INPUT RECORDS START
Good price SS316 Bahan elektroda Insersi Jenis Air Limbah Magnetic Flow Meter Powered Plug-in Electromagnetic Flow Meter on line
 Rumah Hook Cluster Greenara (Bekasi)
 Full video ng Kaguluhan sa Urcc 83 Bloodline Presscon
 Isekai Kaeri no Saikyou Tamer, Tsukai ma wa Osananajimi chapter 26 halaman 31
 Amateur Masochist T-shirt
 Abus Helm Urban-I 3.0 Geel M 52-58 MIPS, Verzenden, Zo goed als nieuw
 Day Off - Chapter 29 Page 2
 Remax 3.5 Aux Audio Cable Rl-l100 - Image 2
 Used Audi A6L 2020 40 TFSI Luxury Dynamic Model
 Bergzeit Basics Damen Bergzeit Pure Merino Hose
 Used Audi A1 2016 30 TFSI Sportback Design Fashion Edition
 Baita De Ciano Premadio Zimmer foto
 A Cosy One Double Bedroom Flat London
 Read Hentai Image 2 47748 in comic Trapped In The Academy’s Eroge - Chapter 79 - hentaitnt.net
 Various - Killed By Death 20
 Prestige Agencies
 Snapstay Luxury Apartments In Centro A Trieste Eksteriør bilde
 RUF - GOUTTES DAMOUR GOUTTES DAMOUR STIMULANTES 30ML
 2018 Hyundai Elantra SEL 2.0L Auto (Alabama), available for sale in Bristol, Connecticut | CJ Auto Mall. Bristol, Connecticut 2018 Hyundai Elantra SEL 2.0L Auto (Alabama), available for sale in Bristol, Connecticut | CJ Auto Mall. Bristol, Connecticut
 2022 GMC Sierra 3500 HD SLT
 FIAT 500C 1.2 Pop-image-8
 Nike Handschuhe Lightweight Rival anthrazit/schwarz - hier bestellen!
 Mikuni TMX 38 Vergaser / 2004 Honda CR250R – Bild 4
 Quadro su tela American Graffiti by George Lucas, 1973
INPUT RECORDS END
TASK PROMPT :: Write out, exactly as they appear, the lines from the one containing "Amateur Masochist T-shirt" through the last line of the records above, both included, and nothing more.

ANSWER AREA ::
 Amateur Masochist T-shirt
 Abus Helm Urban-I 3.0 Geel M 52-58 MIPS, Verzenden, Zo goed als nieuw
 Day Off - Chapter 29 Page 2
 Remax 3.5 Aux Audio Cable Rl-l100 - Image 2
 Used Audi A6L 2020 40 TFSI Luxury Dynamic Model
 Bergzeit Basics Damen Bergzeit Pure Merino Hose
 Used Audi A1 2016 30 TFSI Sportback Design Fashion Edition
 Baita De Ciano Premadio Zimmer foto
 A Cosy One Double Bedroom Flat London
 Read Hentai Image 2 47748 in comic Trapped In The Academy’s Eroge - Chapter 79 - hentaitnt.net
 Various - Killed By Death 20
 Prestige Agencies
 Snapstay Luxury Apartments In Centro A Trieste Eksteriør bilde
 RUF - GOUTTES DAMOUR GOUTTES DAMOUR STIMULANTES 30ML
 2018 Hyundai Elantra SEL 2.0L Auto (Alabama), available for sale in Bristol, Connecticut | CJ Auto Mall. Bristol, Connecticut 2018 Hyundai Elantra SEL 2.0L Auto (Alabama), available for sale in Bristol, Connecticut | CJ Auto Mall. Bristol, Connecticut
 2022 GMC Sierra 3500 HD SLT
 FIAT 500C 1.2 Pop-image-8
 Nike Handschuhe Lightweight Rival anthrazit/schwarz - hier bestellen!
 Mikuni TMX 38 Vergaser / 2004 Honda CR250R – Bild 4
 Quadro su tela American Graffiti by George Lucas, 1973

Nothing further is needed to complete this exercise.